• **DIRECTIONS FOR THIS TASK**
A verbatim reproduction of the lines below, from the line containing "Vtg Crown Trifari" through the line containing "Nufiwra 3Pcs Laundry", both ends included, is the whole required output.

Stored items
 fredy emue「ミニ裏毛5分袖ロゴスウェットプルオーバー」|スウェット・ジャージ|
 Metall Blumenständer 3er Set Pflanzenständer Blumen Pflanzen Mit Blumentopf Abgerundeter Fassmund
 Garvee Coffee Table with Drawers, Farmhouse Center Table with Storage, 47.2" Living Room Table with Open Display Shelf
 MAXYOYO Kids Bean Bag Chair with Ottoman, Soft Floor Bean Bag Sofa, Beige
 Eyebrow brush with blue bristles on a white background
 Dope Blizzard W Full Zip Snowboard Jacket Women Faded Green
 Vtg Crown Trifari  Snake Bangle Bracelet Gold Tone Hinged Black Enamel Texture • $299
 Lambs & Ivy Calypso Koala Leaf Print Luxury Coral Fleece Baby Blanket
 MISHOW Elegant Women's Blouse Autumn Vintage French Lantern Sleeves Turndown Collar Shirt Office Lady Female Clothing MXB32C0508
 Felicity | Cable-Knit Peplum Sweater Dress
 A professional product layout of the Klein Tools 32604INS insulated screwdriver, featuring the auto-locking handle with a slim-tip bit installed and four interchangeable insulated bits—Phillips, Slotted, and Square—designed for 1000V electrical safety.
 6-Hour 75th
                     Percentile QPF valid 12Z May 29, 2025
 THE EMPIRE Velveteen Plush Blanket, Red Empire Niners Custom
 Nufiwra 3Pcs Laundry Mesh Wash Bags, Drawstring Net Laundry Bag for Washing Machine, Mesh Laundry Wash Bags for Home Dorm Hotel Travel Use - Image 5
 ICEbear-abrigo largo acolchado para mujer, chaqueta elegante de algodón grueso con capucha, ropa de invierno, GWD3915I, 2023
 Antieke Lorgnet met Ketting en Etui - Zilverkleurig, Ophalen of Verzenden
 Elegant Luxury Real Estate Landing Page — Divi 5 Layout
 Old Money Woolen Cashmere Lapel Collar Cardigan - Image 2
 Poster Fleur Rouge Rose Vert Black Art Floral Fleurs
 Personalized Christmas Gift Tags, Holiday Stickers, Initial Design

• **RESULT FOR THIS TASK**
 Vtg Crown Trifari  Snake Bangle Bracelet Gold Tone Hinged Black Enamel Texture • $299
 Lambs & Ivy Calypso Koala Leaf Print Luxury Coral Fleece Baby Blanket
 MISHOW Elegant Women's Blouse Autumn Vintage French Lantern Sleeves Turndown Collar Shirt Office Lady Female Clothing MXB32C0508
 Felicity | Cable-Knit Peplum Sweater Dress
 A professional product layout of the Klein Tools 32604INS insulated screwdriver, featuring the auto-locking handle with a slim-tip bit installed and four interchangeable insulated bits—Phillips, Slotted, and Square—designed for 1000V electrical safety.
 6-Hour 75th
                     Percentile QPF valid 12Z May 29, 2025
 THE EMPIRE Velveteen Plush Blanket, Red Empire Niners Custom
 Nufiwra 3Pcs Laundry Mesh Wash Bags, Drawstring Net Laundry Bag for Washing Machine, Mesh Laundry Wash Bags for Home Dorm Hotel Travel Use - Image 5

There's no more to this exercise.